The big advantage Matthews has over Valhalla and previous Ryder Cup venues is that he is painting on a blank canvas. He started acquiring and developing hundreds of acres of farmland near the City of Newport in South Wales in the 1980s with The Ryder Cup already in his sights.
By 1999, he had built three courses and a major hotel and convention centre. Then, in 2001, when Celtic Manor was bidding to host The 38th Ryder Cup, he committed himself to creating another, completely new lay-out with its own clubhouse.
"It's the first time anyone has built a course from scratch for The Ryder Cup, and we had The European Tour all over it from the outset giving advice on the best way to make the most of the site," he says.
Located in a picturesque valley, at a point where the River Usk meanders across flat land between the Welsh hills, the new Twenty Ten course makes the most of the natural setting. In particular, the closing holes run along one side of the valley with the hillside rising above to give spectators a superb view.
The course opened officially earlier this year and the players at the Celtic Manor Wales Open were fulsome in their praise. Darren Clarke, a veteran of several Ryder Cups, said: "I think it's going to be a fantastic Ryder Cup venue. There's so much room for movement of tees that they can make it much more of a risk and reward course -- which is what The Ryder Cup is all about."
Padraig Harrington, winner of three Major Championships in the last two years, liked the design of the greens. "There are plenty of run-offs so the ball spills off the greens and gives you plenty of options," he said. "It's a lot more testing and brings more imagination to it compared to just having heavy rough around the greens."

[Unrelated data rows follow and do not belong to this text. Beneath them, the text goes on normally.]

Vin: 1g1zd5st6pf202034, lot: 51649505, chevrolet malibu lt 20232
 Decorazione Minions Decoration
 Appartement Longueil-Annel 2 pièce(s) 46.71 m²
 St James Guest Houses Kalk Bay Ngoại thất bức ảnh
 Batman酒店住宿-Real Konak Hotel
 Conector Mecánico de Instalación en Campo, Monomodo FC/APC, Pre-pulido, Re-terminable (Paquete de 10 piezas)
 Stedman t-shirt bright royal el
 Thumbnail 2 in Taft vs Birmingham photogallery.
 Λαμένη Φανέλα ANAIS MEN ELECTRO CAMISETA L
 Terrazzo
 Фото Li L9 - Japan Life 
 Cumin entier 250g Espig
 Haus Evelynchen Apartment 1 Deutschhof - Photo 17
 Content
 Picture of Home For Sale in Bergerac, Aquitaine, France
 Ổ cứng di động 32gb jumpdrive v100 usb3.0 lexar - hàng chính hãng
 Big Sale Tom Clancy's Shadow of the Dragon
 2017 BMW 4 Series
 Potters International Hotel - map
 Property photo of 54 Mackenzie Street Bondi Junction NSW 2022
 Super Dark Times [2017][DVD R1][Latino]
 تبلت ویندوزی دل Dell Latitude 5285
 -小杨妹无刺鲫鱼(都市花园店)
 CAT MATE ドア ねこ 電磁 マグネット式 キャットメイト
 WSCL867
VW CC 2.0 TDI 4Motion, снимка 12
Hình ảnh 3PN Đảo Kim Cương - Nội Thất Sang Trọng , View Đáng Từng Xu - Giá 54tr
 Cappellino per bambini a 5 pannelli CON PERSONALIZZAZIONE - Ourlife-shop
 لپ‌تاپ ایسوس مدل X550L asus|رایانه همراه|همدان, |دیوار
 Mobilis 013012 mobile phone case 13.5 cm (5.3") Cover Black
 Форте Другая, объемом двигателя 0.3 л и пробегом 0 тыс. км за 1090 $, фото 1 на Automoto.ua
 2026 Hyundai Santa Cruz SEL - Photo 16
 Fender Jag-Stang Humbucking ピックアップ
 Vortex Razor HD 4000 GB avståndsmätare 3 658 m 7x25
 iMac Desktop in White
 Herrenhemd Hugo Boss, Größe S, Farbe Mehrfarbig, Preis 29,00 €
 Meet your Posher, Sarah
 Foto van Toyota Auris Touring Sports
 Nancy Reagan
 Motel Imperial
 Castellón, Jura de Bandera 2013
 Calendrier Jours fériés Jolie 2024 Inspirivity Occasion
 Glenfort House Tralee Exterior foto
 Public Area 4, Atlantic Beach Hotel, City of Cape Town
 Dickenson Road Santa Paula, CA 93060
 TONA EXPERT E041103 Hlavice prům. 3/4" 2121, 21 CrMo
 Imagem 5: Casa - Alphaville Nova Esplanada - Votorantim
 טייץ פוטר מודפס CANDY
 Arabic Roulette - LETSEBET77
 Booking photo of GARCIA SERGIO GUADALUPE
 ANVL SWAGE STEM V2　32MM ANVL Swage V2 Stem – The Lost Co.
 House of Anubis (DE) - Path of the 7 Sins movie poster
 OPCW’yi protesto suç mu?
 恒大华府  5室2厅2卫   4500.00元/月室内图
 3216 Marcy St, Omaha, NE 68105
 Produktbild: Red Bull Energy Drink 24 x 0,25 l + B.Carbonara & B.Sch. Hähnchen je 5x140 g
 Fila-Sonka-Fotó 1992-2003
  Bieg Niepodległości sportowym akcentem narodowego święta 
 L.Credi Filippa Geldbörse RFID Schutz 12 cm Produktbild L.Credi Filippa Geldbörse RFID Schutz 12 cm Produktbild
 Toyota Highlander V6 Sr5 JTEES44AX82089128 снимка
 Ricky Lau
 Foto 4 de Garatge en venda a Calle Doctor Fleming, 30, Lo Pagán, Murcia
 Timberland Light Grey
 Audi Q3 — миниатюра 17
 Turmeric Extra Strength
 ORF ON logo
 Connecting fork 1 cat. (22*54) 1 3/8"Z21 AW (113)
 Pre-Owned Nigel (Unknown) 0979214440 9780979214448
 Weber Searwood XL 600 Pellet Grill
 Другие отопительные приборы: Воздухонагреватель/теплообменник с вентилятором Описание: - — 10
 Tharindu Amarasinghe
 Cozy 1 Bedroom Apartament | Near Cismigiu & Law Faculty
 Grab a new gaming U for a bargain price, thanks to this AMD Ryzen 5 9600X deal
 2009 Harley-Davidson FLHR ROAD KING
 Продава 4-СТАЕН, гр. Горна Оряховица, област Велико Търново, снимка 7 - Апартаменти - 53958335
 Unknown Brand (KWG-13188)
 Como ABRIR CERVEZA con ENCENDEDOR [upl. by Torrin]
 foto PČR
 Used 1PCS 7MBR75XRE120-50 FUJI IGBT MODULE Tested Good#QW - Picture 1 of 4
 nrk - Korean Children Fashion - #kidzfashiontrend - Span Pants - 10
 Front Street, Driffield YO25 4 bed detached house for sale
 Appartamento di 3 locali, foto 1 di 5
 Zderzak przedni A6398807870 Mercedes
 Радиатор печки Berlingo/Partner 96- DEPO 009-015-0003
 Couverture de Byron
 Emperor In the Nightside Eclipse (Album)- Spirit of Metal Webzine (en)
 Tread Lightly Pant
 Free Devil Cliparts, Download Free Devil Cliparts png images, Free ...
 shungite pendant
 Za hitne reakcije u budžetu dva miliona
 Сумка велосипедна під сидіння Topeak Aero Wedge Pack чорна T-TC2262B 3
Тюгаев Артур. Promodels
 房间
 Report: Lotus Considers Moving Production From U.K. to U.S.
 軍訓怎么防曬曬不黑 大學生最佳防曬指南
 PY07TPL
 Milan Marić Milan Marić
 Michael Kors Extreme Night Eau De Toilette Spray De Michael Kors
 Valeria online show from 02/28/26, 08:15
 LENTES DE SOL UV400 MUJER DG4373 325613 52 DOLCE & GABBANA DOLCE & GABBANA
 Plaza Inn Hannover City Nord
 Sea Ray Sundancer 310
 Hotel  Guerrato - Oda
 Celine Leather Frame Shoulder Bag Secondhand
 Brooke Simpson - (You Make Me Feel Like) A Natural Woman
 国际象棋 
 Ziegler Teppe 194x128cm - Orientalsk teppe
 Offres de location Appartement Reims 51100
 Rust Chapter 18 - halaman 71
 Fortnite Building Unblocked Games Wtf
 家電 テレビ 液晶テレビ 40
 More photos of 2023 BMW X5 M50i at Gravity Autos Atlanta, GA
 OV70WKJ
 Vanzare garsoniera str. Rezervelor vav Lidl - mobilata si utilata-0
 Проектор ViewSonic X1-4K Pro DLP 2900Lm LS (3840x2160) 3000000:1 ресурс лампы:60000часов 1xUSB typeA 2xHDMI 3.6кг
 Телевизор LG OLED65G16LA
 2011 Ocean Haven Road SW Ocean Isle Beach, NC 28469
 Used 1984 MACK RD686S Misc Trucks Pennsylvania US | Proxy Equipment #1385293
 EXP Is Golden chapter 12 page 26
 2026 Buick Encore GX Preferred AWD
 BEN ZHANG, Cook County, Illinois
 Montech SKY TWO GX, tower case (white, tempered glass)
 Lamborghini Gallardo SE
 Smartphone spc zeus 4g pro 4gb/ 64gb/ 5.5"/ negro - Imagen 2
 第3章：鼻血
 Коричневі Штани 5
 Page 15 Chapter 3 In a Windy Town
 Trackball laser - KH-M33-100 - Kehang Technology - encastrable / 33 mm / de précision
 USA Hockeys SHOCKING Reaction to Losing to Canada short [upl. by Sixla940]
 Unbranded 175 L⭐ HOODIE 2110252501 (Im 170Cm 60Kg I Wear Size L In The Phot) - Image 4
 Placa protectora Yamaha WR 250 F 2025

Though the course itself is finished, there is one crucial part of the jig saw to put in place. Next spring, work will start on constructing a 320 foot bridge across the river to give access to another vast expanse of land that will serve as a new practise range and a television compound.
The task isn't straightforward. The valley is very sensitive archaeologically, with an abundance of Roman remains, and the river itself is a site of special scientific interest.
To avoid disturbing the otters going up and down, the bridge has to be a single span with foundations set back from the bank at a spot where there are no ancient treasures.
Having spent a fortune surveying every inch of the land, Matthews is now focusing on how the bridge will be lowered into place. And one thing's for sure, no detail will be missed.